The past few months have seen no shortage of leaks, reports and speculations surrounding the Llano series of AMD processors with integrated graphics.

Now, it seems that all remaining mysteries have been dispelled, as the Sunnyvale, California-based company has made the official launch.

The cores are more or less identical, in performance, to the ones used by existing AMD CPUs, while the built-in GPUs are, naturally, DirectX 11-ready.

In fact, the newcomers promise to deliver more than satisfactory computing and graphics performance, all the while staying at a low enough power consumption that it is possible to build laptops that last for over 10.5 hours on a single battery charge.

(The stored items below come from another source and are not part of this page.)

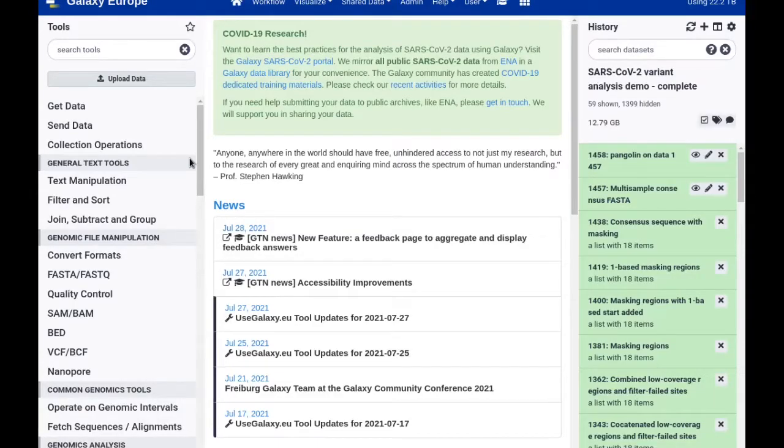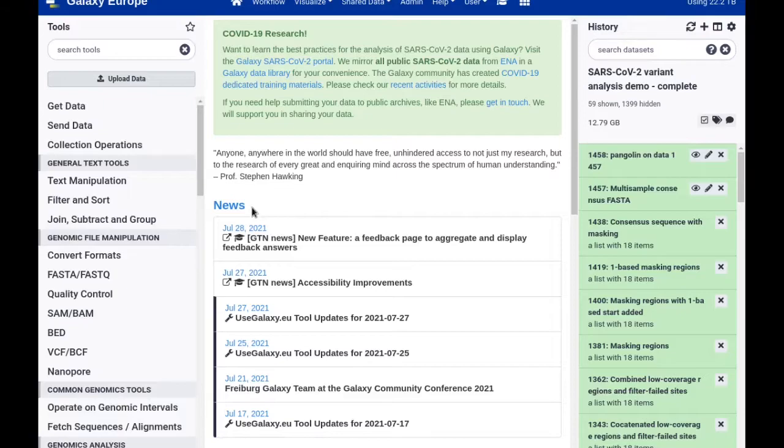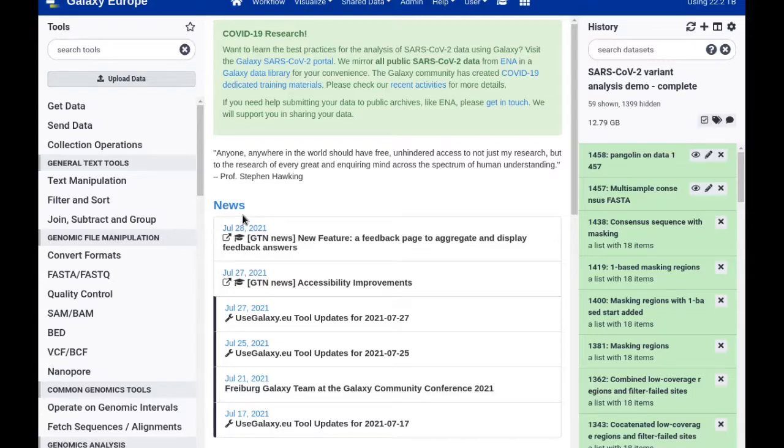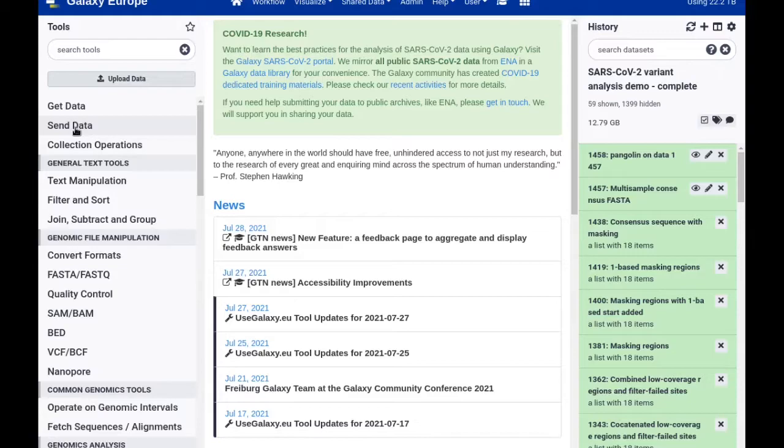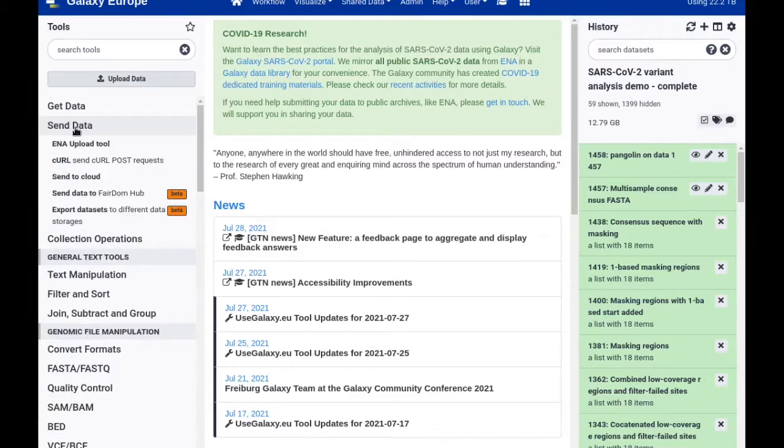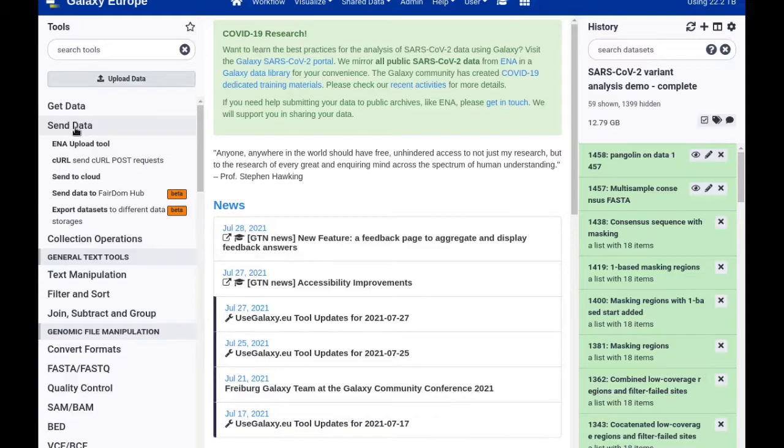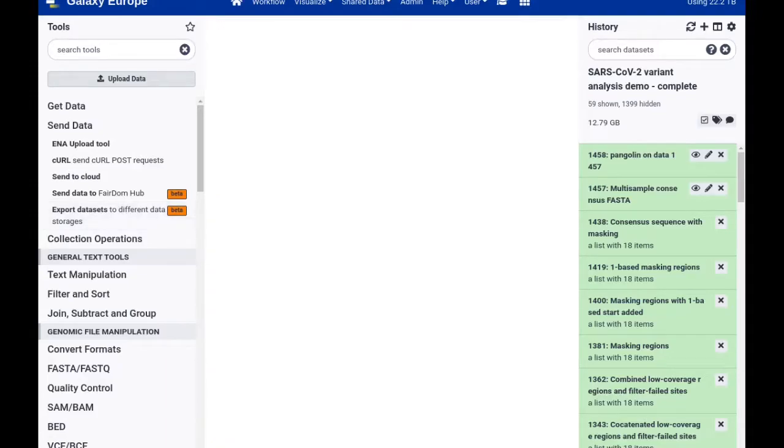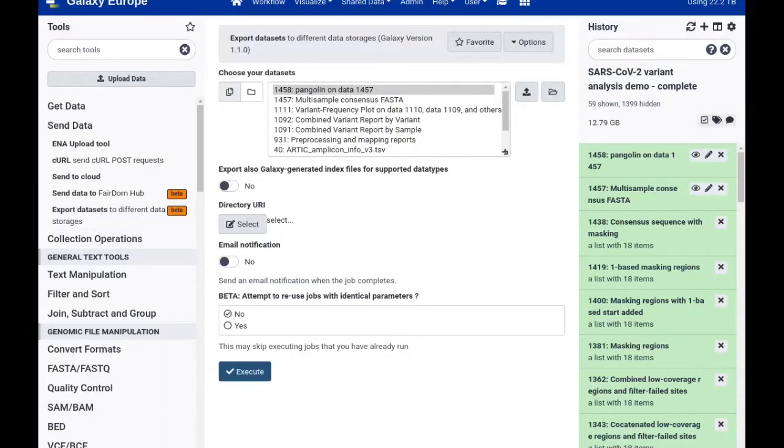What I can also do however is use a dedicated tool to export data to any folder on the configured data store. That tool can be found in the send data section of the tools bar, and it's called export datasets to different data storages. Selecting this tool brings up a tool interface like for any regular tool.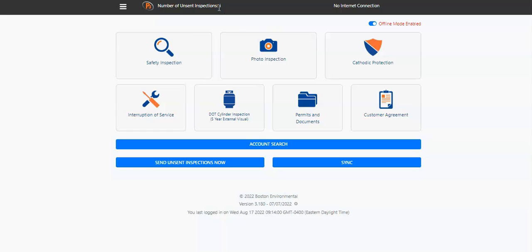When you connect to the internet, you will disable the offline mode and click Send Unsent Inspections Now to send the inspection to the P3 database.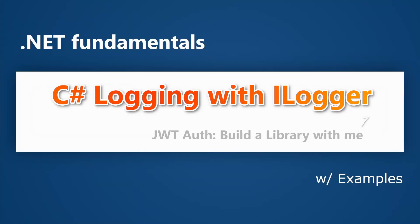Logging is both important and challenging. How does ILogger design address these issues? Find out in today's video.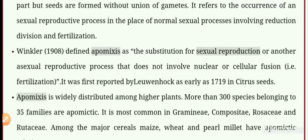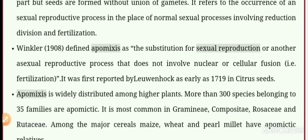It refers to the occurrence of an asexual reproductive process in the place of a normal sexual process involving reduction division and fertilization. The normal sexual reproductive process involves male and female gametes, union of gametes, and then seed formation. Here the normal process is a little different — there is no union, and the normal sexual process which involves reduction, division, and fertilization is replaced.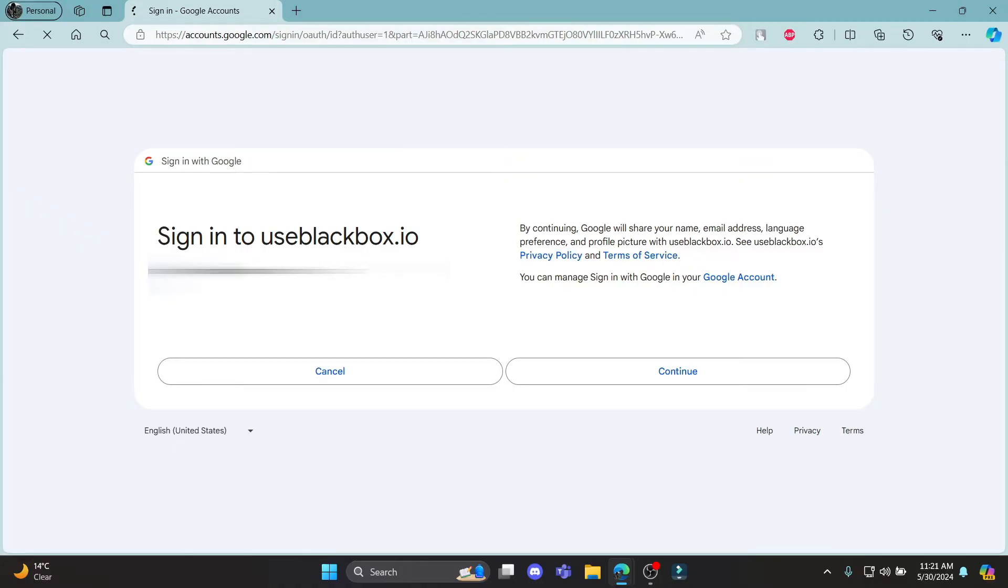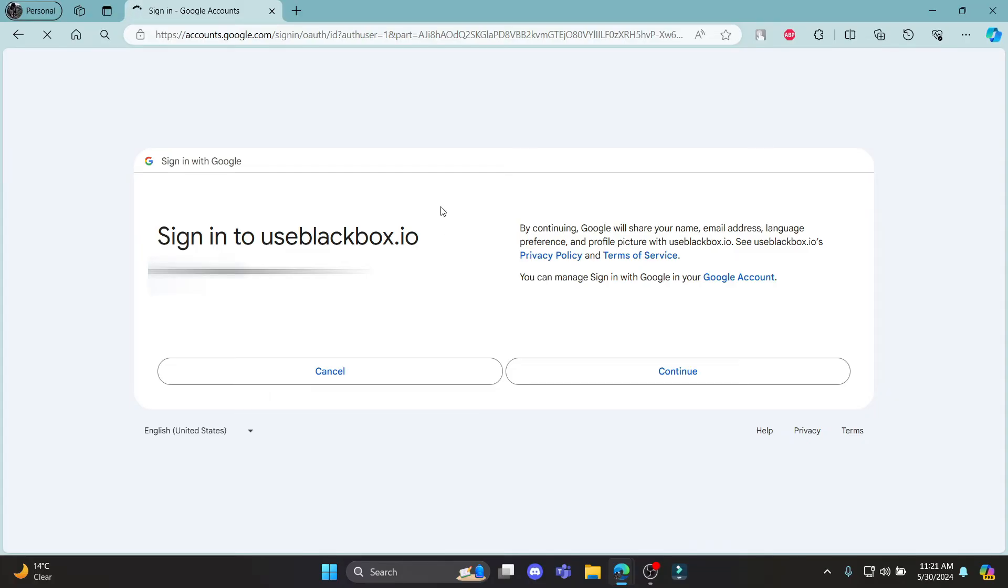After you click Continue, you will be signed in to your Blackbox AI which eventually makes you sign up for your account. It might take some time due to internet issues. Otherwise, you will be headed to the login page.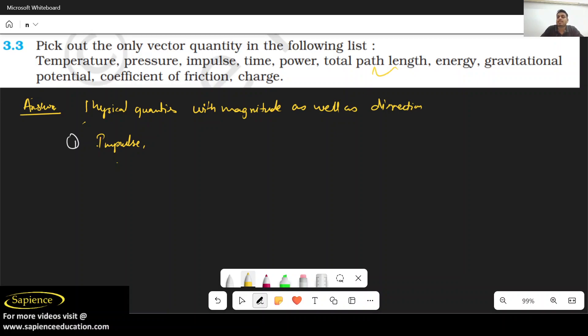Energy is definitely scalar. Gravitational potential is also scalar. Coefficient of friction is also scalar. Charge is also scalar.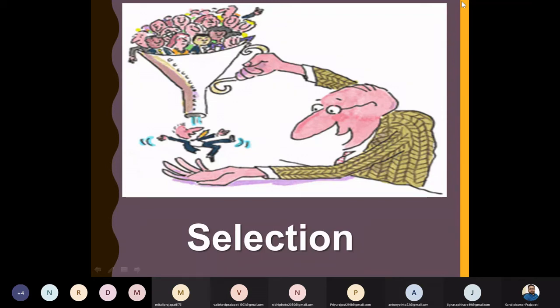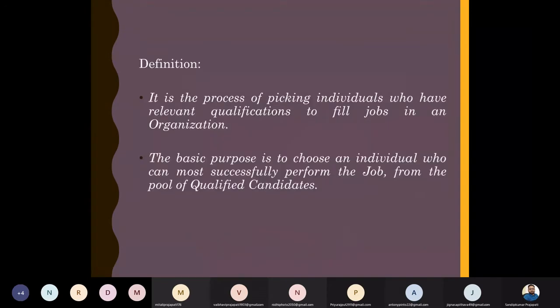Point number two in unit number two is selection. Let me go into detail to understand what selection is and the steps we are going to follow under the selection process. In the simplest words, we can define selection as the process of picking individuals who have the relevant qualifications to fill jobs in an organization.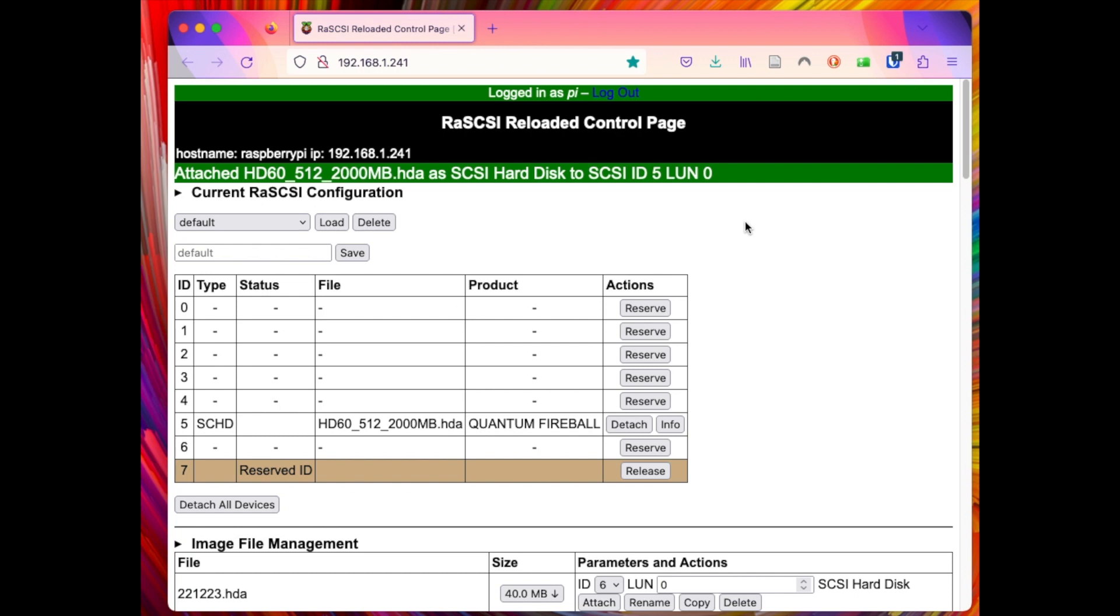In RaSCSI as you can see in my list here of images they can be called just anything. So we could change this name to anything we want when using it in the PiSCSI. And here let's see it start up then. So I have the PiSCSI connected to my Quadra 700.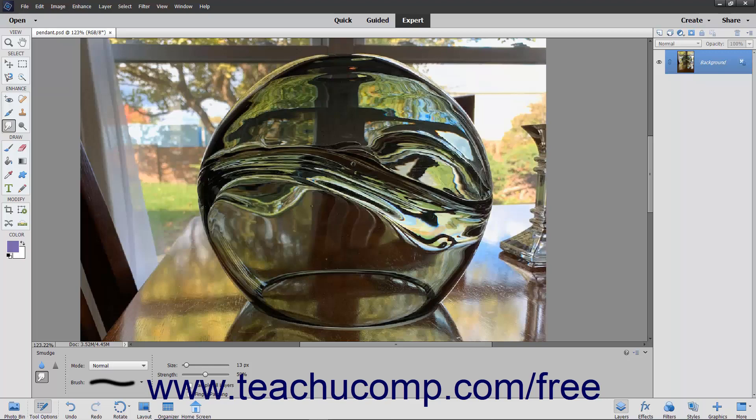You can check the sample all layers checkbox to select using the combined color value from all layers. If unchecked, it will only smudge the color from the currently visible layer.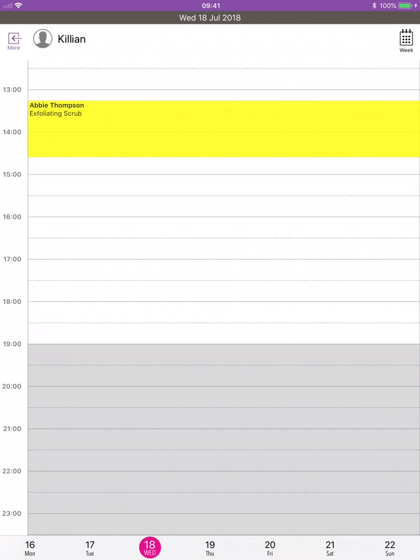Consultation forms on Forrest Go. This video demonstrates how a client will fill in the consultation form and how a staff member signs off on it using Forrest Go on an iPad or tablet.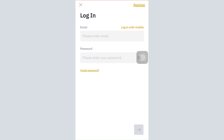Then tap on the arrow button on the bottom right corner. Within a few seconds, with the entering of correct credentials, you'll be able to see that you will have gotten logged into your account. It is this easy to log in. If not with your email address, you can also log in with your mobile device.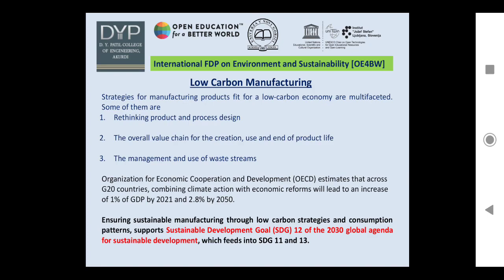The main topic of discussion is low carbon manufacturing. Strategies for manufacturing products fit for a low carbon economy are multifaceted. Some facets include rethinking product and process design, the overall value chain for creation, use, and end of product life, and the management and use of waste streams. The OECD estimates that across G20 countries, combining climate action with economic reforms will lead to an increase of 1% of GDP by 2020 and 2.8% by 2050.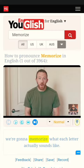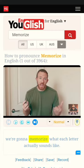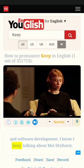So that's the difference between keep and memorize. The next step, we're going to memorize what each letter actually sounds like.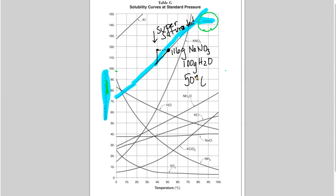So that covers Tables A through G. Hopefully this was helpful in illustrating some of these tables. I'll be making more videos on the rest of the reference tables — good luck studying.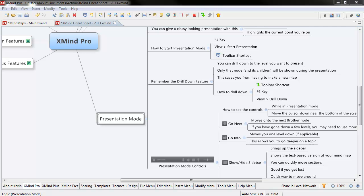Let's talk about the presentation mode in XMind Pro. Because this is part of XMind Pro, this isn't part of the free version of XMind. You either have to have XMind Pro or the XMind subscription.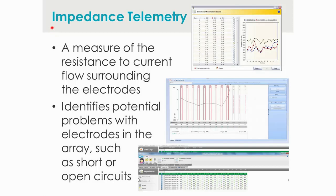One of the first things the software takes the clinician to after plugging in the processor is impedance telemetry, with examples shown for Cochlear, Med-El, and Advanced Bionics software. Impedance telemetry is a measure of the resistance to current flow surrounding the various electrodes, providing a measurement for each electrode's impedance level. The most beneficial aspect is that it identifies potential problems such as short or open circuits, allowing evaluation of each electrode to ensure it's functioning within manufacturer specifications.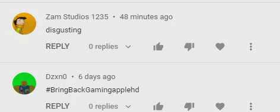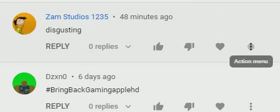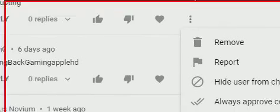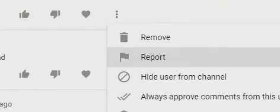I'll do that right now actually. There you go, I'm just gonna go ahead and hide user from channel. There. Now you don't get to see my disgusting content anymore. Happy?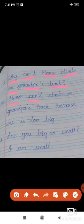Question three: Why can't Mano climb on grandpa's back? Answer: Mano can't climb on grandpa's back because he is too big. Question four: Are you big or small? You are studying second standard, so write the answer: I am small. Students, study the question and answer also for the exam.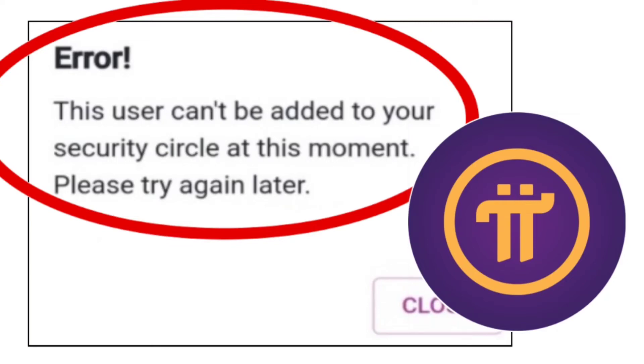How to fix Pi Network App Error: This user can't be added to your security circle at this moment. Please try again later.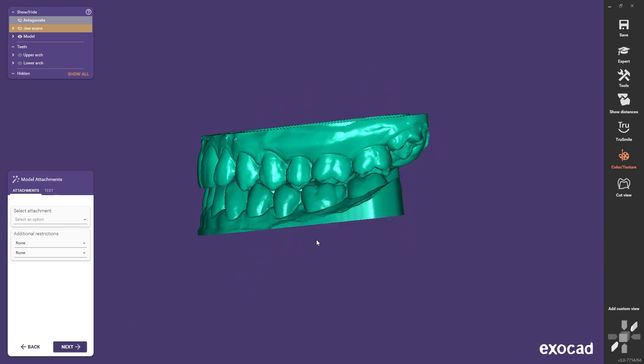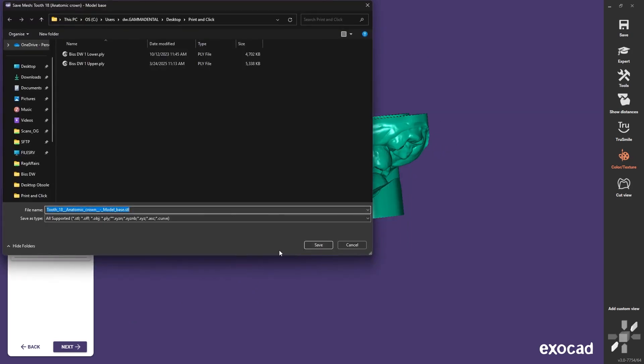It's important to save the printable models before finishing the workflow to keep the relations of the models. For that, right-click the model and select Save to File. After entering the file name and pressing Save, select relative to original scan data.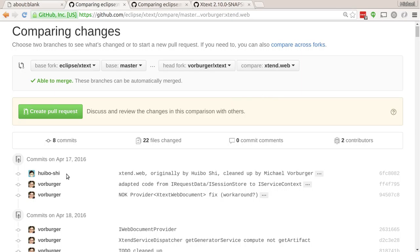I picked that up, worked on it a little bit in the Xtend web branch on my fork of Xtext. And I'll show you how this actually works.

“The battery life of the AMD A-Series APU is a huge leap forward and will surprise many consumers and commercial customers,” said Chris Cloran, vice president and general manager, Client Division, AMD.

“And the supercomputer-like performance will give people some revolutionary capabilities, like real-time image stabilization –taking out all the shakes and jitters in those hand-held videos on the fly, while you’re watching.”

A-Series Llano APUs are built on the 32nm manufacturing process and will show up in over 150 desktops and notebooks, the latter being more numerous. Systems should start showing up as soon as the ongoing month (June, 2011).

“The AMD A-Series APU represents an inflection point for AMD and is perhaps the industry’s biggest architectural change since the invention of the microprocessor,” said Rick Bergman, senior vice president and general manager, AMD Products Group.

“It heralds the arrival of brilliant all-new computing experiences, and enables unprecedented graphics and video performance in notebooks and PCs. Beginning today we are bringing discrete-class graphics to the mainstream.”

The dual-core and quad-core units range from 2.3 GHz to 2.6 GHz, have 2 MB or 4 MB of cache memory and HD 6400, 6500 or 6600 series graphics. They consume 35W or 45W.